The lines to be copied run from the one containing "По великим храмам" to the end of the material below; reproduce them exactly, including both ends, and nothing more.
***
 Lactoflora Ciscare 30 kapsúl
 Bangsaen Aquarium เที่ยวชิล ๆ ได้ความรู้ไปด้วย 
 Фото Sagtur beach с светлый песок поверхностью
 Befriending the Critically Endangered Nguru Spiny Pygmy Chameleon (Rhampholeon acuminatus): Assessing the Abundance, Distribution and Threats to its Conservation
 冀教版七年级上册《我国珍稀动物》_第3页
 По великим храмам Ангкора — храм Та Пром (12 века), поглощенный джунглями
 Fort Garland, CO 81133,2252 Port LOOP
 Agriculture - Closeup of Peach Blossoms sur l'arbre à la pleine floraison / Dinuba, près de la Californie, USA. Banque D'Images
***
■ RESULT OF THE TASK ■
 По великим храмам Ангкора — храм Та Пром (12 века), поглощенный джунглями
 Fort Garland, CO 81133,2252 Port LOOP
 Agriculture - Closeup of Peach Blossoms sur l'arbre à la pleine floraison / Dinuba, près de la Californie, USA. Banque D'Images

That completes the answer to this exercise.